Many of the shirts in the collection are portraits of musicians, but you’ve also showcased people from areas such as comedy, film and television. Can you speak about the individuals you chose to highlight in the brand? What do they mean to you, and why did you want them involved with this project?

When I first started, I wanted to pick people who don’t typically have shirts with them. I don’t know of a Carrie Brownstein shirt. I didn’t want to cut into their incomes, so if they’re a comedian that already does a shirt of themselves, I tried to avoid that. And I tried to ask people who are in bands to just do a photo of them. I tried to ask people who could either afford to take a cut into their income or just didn’t have a shirt of themselves available already. So that was part of my criteria.

Also, they have to be people whose work I like. It’s very boutique in that the criteria is, “Would I wear the shirt? Do I like the shirt? Am I proud of the shirt?” And I’m really proud of all of them, and I like either the music or the art or the activism of everybody who’s on the shirt. Hari Kondabolu is my absolute favorite comedian. He’s done so much incredible stuff. He did that movie [The Problem With Apu], about Hank Azaria, a white guy playing a stereotyped character on The Simpsons. And, you know, they have removed that character. Hank Azaria is like, “I will no longer voice the character.”

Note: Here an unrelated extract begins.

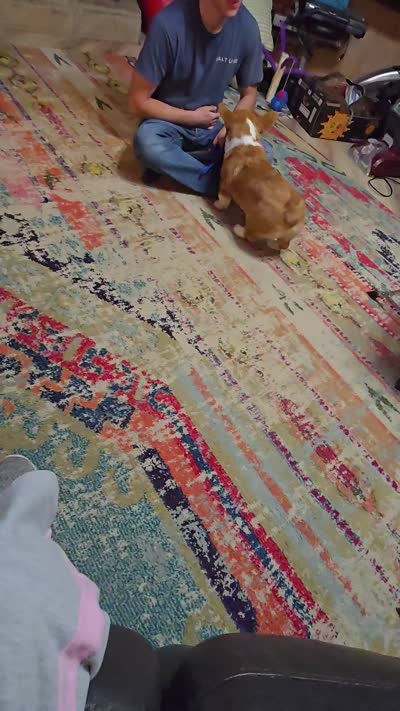 Chunky AKC, a male Pembroke Welsh Corgi for sale in Walnut Cove, NC – 4 of 4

At first, they wouldn’t even talk to him and were making fun of him, and people were harassing him about it, calling him a reverse racist. He’s also funny as hell. His standup is so fucking great. So that was a shirt that I was just really, really excited about.

[Shirt photo by Sean Gustilo]
Tees4Togo is an effort that obviously engages people who are fans of music and comedy. However, the work also has a clear real-world effect. I wanted to get a sense of your self-understanding, given that you’ve always worked between music and activism. Your music has often had a socio-political edge. You’ve also been an activist spanning your full career, and you’ve remained outspoken about recent issues such as electoral politics and the ongoing social movements that are growing around us, including the Black Lives Matter movement and creating equal opportunities and a safer space for women, people of color and individuals in the LGBTQIA+ community. Do you see a natural connection between your artistry and your activism, or do you think of these activities as fulfilling separate purposes?

It’s actually all the same fucking project. It really is. When I was younger, I went to a hippie college [The Evergreen State College]. There was this real antiquated idea that politics is something you do by making a sign and going to a protest, and if you put politics into your art, you were somehow corrupting your art. This was in the late ’80s. It’s a different landscape now, hopefully, but I was always really frustrated by that.

I remember thinking it was the choice between making something beautiful and making something impactful. That was when I came up with this idea in my head. I was like, “You know what I want to make? I want to make a beautiful pot.” [And] I wanted to decorate it so beautifully that I could look across the room and it would make me really happy and remind me that beauty exists in the world. But I also wanted to use it to carry things. And I wanted to use it to put a plant in that would oxygenate my space. I could use it to put flowers in that a friend gave me. I could use it for something.

That’s when I started thinking about all of my projects in this way. I want my songs to have something beautiful and appealing about them but also be useful. And I feel the same way about this project. I want the graphics to be beautiful, I want the shirts to be something that people buy and keep forever. But I also want it to serve a function. That’s the throughline with all of my projects: I want it to be beautiful, I want it to be fun and I want it to serve a function of doing something positive in the world.